RUC Survey: Your Role in Helping Shape Medicine

By: Jonathan N. Rubenstein, MD, FACS | Posted on: 01 Jan 2022

I am frequently asked by AUA members who receive a Relative Value Scale Update Committee (RUC) survey the following question: “Is it OK that I just delete the email?”

My answer to them is: “No! Do not erase it! You need to fill it out!”

We at the AUA need your help.

From a coding and reimbursement standpoint, there may be no bigger impact that an individual provider can have on their specialty (and to organized medicine) than filling out a RUC survey. Here’s why: the RUC is a multispecialty committee created by the American Medical Association which makes recommendations to the Centers for Medicare & Medicaid Services for valuation of the work, direct practice expense and professional liability insurance values for CPT (Current Procedural Terminology) codes. The RUC became necessary when Medicare transitioned to the Resource-Based Relative Value Scale for Part B reimbursement for the physician fee schedule. The recommendations made by the RUC are typically accepted by the Centers for Medicare & Medicaid Services, which directly and ultimately determines the payment to a provider for their work. The RUC itself involves input from over 100 specialty societies and meets 3 times a year to value new and revised codes and to re-value codes that may be mis-valued. One of the critical inputs to the RUC process is input from specialty societies. This input includes data derived from submissions of RUC surveys by providers who perform the service being valued. Without such surveys (or enough surveys), procedures are not able to be accurately and appropriately valued.

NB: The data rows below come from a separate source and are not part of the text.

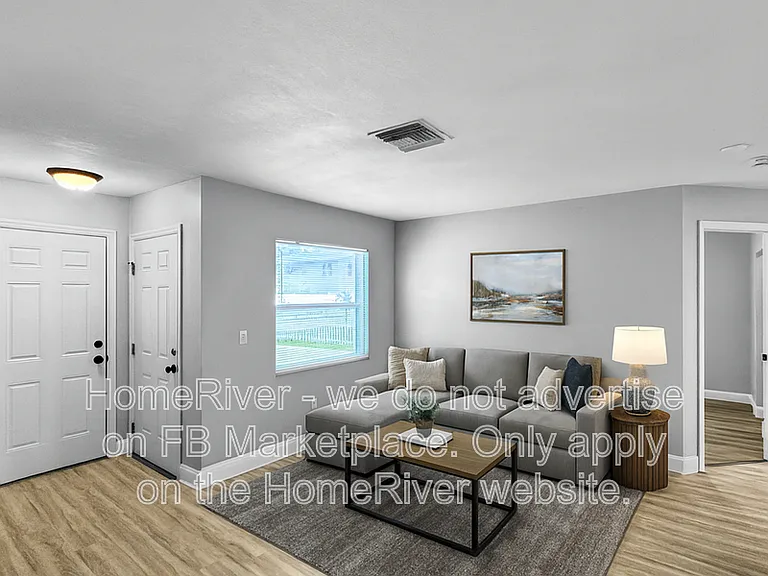 5325 Birch Ave — Photo 2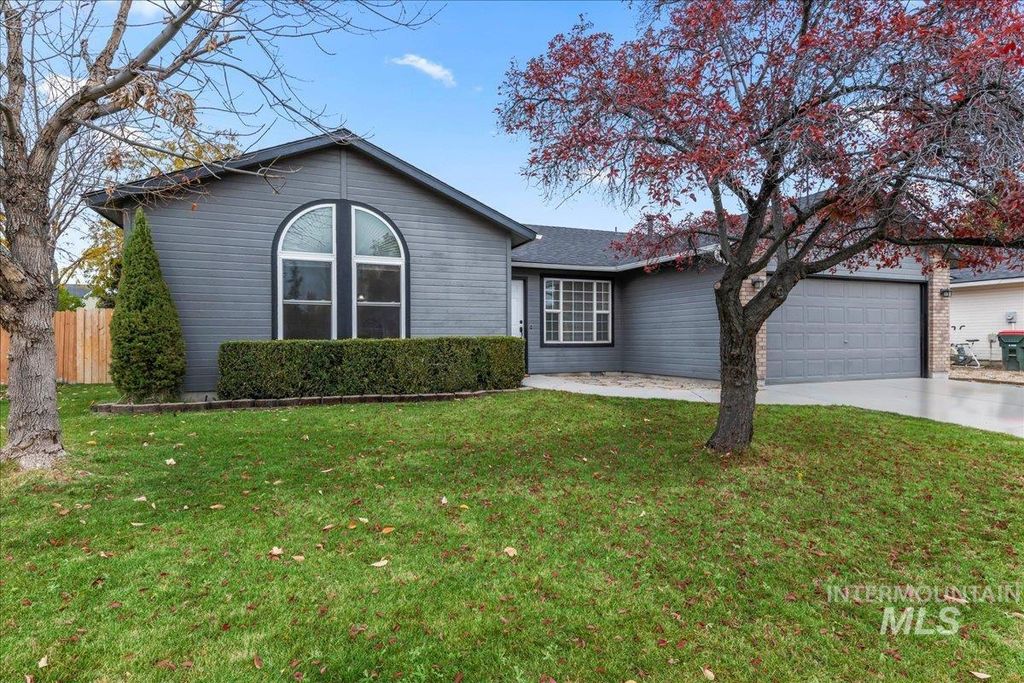 Photo of 1474 E Sothesby St, Meridian, ID 83642 (MLS # 98966892)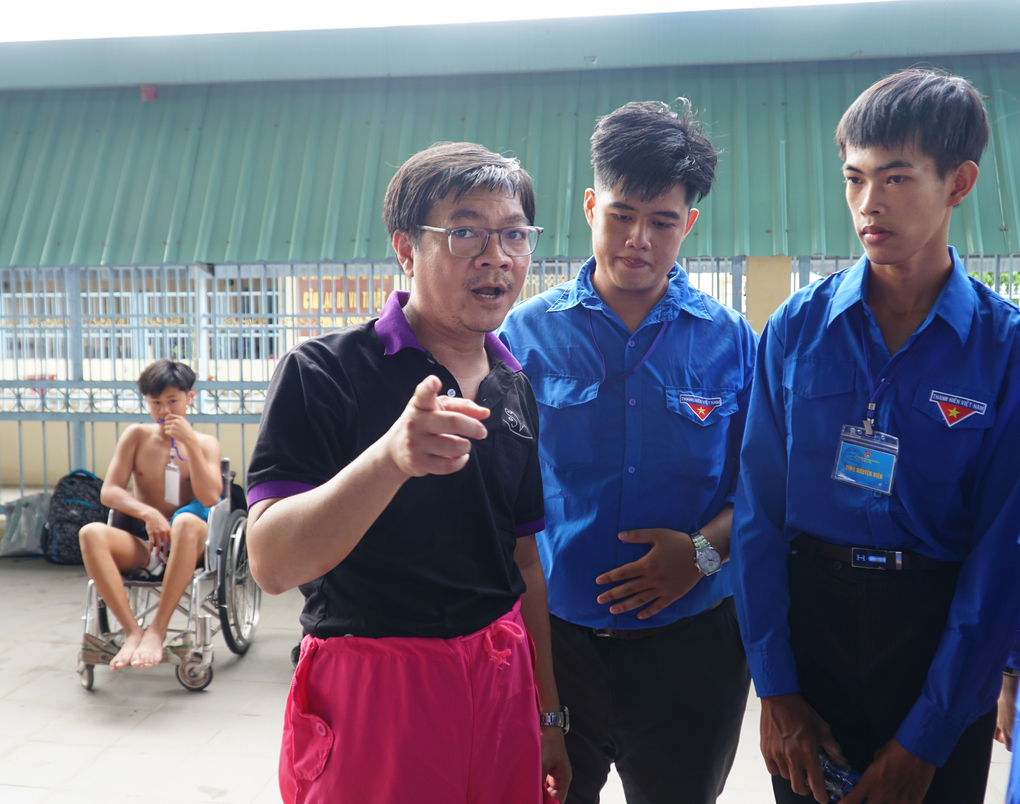 Người đàn ông 21 năm hỗ trợ vận động viên khó khăn: Hãy sống tử tế với đời - 3 Người đàn ông 21 năm hỗ trợ vận động viên khó khăn: Hãy sống tử tế với đời - 3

When AUA input is needed to help the RUC value a code, the AUA sends a RUC survey to a random sampling of AUA members asking for their help. It must be random and providers cannot be selected by a subspecialty or specific interest. The survey may include the code being valued and may also include related CPT codes from the same family that will ultimately also be re-valued. Since not everyone receives a survey, it is critical for those who do receive a survey to participate in the process if they are able to do so.

“OK, I get it. You convinced me. So how do I fill out the survey?”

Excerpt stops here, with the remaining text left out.